___ Dataset records ___

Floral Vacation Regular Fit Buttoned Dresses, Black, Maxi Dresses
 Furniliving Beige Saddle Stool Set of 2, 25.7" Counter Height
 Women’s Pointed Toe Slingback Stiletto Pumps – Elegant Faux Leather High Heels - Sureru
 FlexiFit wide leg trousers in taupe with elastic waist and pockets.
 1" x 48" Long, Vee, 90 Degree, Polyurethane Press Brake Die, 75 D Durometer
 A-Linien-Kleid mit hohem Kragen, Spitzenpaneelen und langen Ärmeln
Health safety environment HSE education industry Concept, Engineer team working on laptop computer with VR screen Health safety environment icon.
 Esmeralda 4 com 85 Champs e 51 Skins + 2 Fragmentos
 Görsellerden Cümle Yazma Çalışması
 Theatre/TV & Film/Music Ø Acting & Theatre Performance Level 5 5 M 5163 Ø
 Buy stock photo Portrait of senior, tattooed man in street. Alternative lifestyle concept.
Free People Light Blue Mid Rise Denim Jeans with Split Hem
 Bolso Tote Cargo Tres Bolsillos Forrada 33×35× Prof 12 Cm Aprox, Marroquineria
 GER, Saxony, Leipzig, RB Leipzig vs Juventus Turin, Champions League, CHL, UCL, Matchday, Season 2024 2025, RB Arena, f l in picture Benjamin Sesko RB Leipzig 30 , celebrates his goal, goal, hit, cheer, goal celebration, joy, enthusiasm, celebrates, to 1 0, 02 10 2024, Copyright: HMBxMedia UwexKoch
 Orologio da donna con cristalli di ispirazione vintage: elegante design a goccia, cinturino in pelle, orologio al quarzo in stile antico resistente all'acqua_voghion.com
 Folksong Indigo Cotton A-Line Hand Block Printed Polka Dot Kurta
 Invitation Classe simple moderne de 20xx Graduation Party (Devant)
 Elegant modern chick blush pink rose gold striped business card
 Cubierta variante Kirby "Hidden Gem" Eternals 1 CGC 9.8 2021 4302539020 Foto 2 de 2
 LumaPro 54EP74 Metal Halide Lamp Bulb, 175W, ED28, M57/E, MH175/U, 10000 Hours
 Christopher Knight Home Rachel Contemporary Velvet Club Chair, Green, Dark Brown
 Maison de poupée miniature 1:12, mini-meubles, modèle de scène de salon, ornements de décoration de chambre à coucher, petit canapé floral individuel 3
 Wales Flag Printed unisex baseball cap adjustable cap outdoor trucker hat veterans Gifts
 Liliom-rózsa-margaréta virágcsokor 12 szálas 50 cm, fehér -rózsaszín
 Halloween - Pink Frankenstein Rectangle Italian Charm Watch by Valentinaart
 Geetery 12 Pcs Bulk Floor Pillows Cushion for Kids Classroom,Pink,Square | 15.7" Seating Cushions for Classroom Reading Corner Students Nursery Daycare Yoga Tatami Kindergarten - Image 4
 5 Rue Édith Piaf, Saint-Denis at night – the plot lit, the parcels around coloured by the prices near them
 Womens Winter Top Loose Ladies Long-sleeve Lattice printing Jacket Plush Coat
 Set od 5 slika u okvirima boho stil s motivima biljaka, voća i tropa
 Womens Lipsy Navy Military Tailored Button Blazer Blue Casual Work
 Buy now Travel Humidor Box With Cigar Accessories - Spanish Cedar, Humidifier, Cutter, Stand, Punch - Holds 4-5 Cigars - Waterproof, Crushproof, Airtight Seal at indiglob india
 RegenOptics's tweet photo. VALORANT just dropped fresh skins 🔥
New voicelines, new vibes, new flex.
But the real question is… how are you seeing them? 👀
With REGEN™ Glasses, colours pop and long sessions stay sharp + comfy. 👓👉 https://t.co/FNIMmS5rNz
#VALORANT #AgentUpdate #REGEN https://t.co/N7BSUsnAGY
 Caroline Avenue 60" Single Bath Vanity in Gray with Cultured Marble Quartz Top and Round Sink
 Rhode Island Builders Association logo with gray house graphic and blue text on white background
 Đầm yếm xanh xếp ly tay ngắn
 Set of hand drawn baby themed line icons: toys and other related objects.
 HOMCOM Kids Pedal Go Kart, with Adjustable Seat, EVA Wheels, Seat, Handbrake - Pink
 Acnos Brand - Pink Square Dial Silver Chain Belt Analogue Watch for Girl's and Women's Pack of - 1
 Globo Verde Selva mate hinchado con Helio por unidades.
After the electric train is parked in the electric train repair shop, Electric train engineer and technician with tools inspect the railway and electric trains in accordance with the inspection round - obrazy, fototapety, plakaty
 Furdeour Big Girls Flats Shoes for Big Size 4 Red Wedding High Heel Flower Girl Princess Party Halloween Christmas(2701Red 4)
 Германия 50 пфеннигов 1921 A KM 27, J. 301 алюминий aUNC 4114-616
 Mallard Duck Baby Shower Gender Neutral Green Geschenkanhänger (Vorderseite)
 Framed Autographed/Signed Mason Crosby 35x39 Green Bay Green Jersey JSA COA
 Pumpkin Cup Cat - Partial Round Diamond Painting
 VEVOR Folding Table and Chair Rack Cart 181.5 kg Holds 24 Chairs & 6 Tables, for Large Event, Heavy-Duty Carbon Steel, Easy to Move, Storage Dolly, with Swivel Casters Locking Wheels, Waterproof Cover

___

§ **Your instructions**
From the records above, reproduce exactly the lines from the one with "and Round Sink" to the one with "Globo Verde Selva", both included, and no others.

§ **Result of the exercise**
 Caroline Avenue 60" Single Bath Vanity in Gray with Cultured Marble Quartz Top and Round Sink
 Rhode Island Builders Association logo with gray house graphic and blue text on white background
 Đầm yếm xanh xếp ly tay ngắn
 Set of hand drawn baby themed line icons: toys and other related objects.
 HOMCOM Kids Pedal Go Kart, with Adjustable Seat, EVA Wheels, Seat, Handbrake - Pink
 Acnos Brand - Pink Square Dial Silver Chain Belt Analogue Watch for Girl's and Women's Pack of - 1
 Globo Verde Selva mate hinchado con Helio por unidades.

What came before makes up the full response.